Monday, September 7, 2020

SQL Server - Parsing, Casting and Conversion

Sometimes the data stores in the table in a different format in comparison to the real data type it belongs to. The date might be stored as an integer value or a string value, numerical values might be stored as a character string, the currency might be stored in number format. The reason or explanation could be whatever requested by the design or business. One cannot expect the same as an output, there we need casting, parsing, and conversion methods.

This article focuses on the following functions -

1) CAST

2) CONVERT

3) PARSE

4) TRY_PARSE

5) TRY_CAST

6) TRY_CONVERT

CAST:

Cast function converts an expression from one data type to another. This is ANSI-SQL specification.

Examples:

SELECT CAST(25.65 AS INT);
The query returns the value of 25.65 as 25 by converting the 'decimal' into an integer. 

SELECT CAST(25.65 AS VARCHAR);
The query returns the value of 25.65 as 25.65 but the later one is a character string. 

SELECT
 CAST('2017-08-25' AS DATETIME);
The query returns the value of "2017-08-25" as "2017-08-25 00:00:00.000" by converting the 'decimal' values into an integer.

Let's see one more example. 

USE AdventureWorks2017;
GO

SELECT Name,
             sellstartdate,
             CAST(sellstartdate AS VARCHAR) converteddate,
             ListPrice
FROM Production.Product
WHERE CAST(ListPrice AS int) LIKE '3%';
GO




CONVERT:

Convert is SQL implementation-specific function. Though it does the same the Cast function does and there isn't any difference in performance however Convert function allows a more noteworthy broadness of flexibility when converting among date and time values, fractional numbers, and monetary signifiers.

Examples:

SELECT CONVERT (INT, 25.65)
The query returns "25" by converting the 'decimal' into an integer. 
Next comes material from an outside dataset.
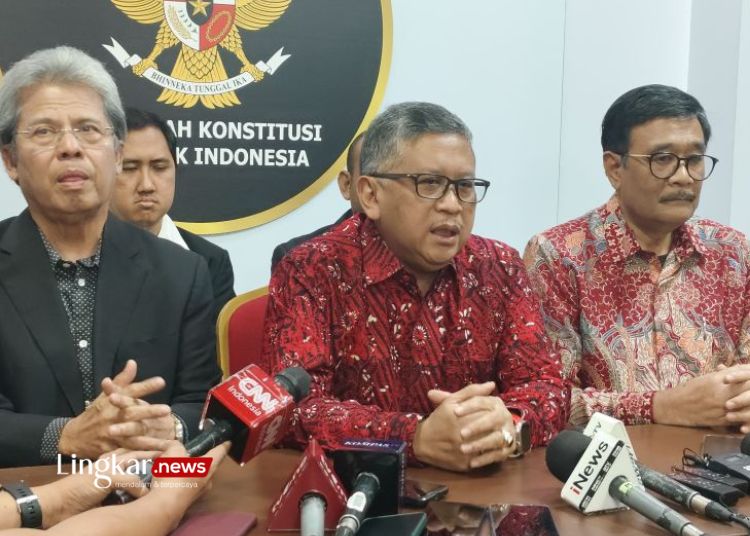 Sekretaris Jenderal PDI Perjuangan Hasto Kristiyanto (tengah) di Mahkamah Konstitusi RI, Jakarta, Selasa, 16 April 2024. (Antara/Lingkar.news)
SELECT CONVERT(DATETIME, '2017-08-25')
The query returns "2017-08-25 00:00:00.000" a proper DateTime format. 

SELECT CONVERT(VARCHAR(10), GETDATE(), 101)
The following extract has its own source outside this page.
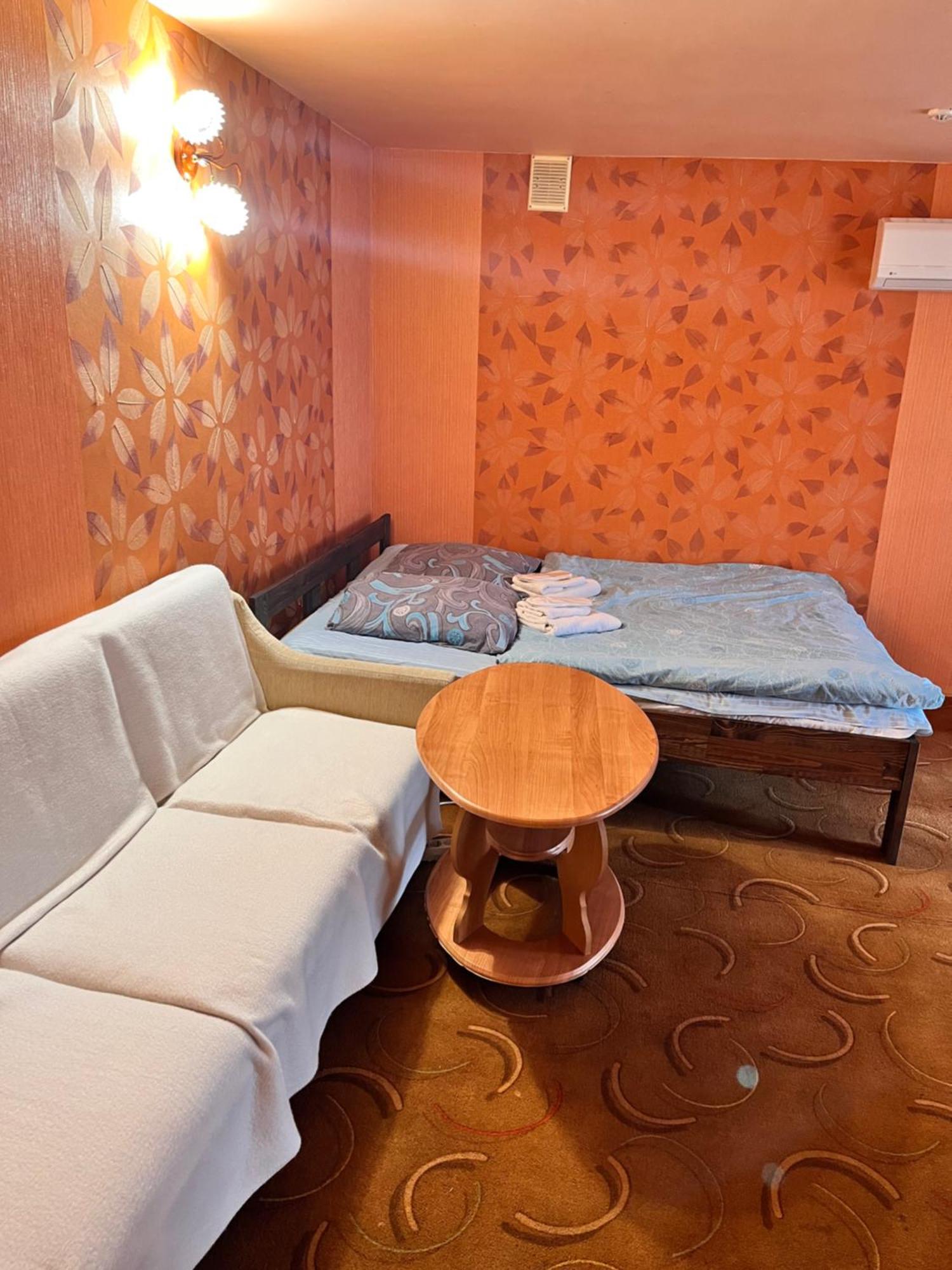 Mala Praha Hotel Oezjhorod Buitenkant foto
The query returns "09/02/2020" by converting the DateTime value into a character string.


Let's see one more example. 

USE AdventureWorks2017;
GO

SELECT Name,
             sellstartdate,
             CONVERT(VARCHAR(10),sellstartdate,101) converteddate,
             ListPrice
FROM Production.Product
WHERE CONVERT(INT, ListPrice) LIKE '3%';
GO


Please click here for more information about the "CONVERT" function.


PARSE:

Returns the result of an expression translated to the requested data type in SQL Server. This function is not an alternative to CAST or CONVERT function though it converts the data type one to another.

Let's see this date - "
Wednesday, 2 September 2020". If you see there isn't any issue with this date or its format as it's human-readable and we know that in some places people use such date format. However, built-in functions like 'CAST' or 'CONVERT' cannot convert such data that people of different timezones or different geo-locations used.

Let us test.

SELECT CAST('Wednesday, 2 September 2020' AS datetime)
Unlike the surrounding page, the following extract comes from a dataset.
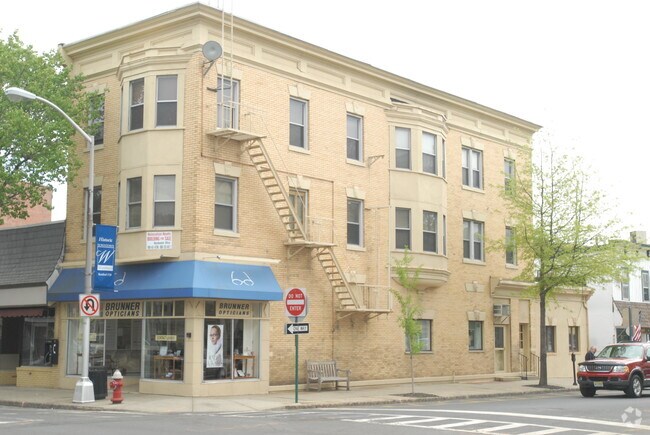 Foto del edificio - 100 E Broad St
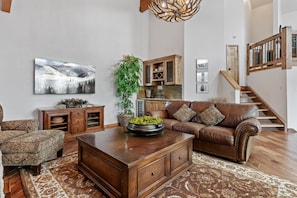 Condo, 4 Bedrooms | Living area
SELECT CAST('Wednesday, 2 September 2020' AS datetime2)

SELECT CONVERT(DATETIME,'Wednesday, 2 September 2020')

SELECT CONVERT(DATETIME,'Wednesday, 2 September 2020')

All the above statements return 'conversion failed' error since CAST or CONVERT cannot convert such data into other formats.

SELECT PARSE('Wednesday, 2 September 2020' AS datetime)

SELECT PARSE('Wednesday, 2 September 2020' AS datetime2)

SELECT PARSE('Wednesday, 2 September 2020' AS datetime2 USING 'en-US');

The above three statements return the converted data as shown below.


Let's see one more example.


Above is a test data. EmployeeID usually is an integer value however intensionally it was assigned as VARCHAR. The same with Salary, "joindate" and "updatedate".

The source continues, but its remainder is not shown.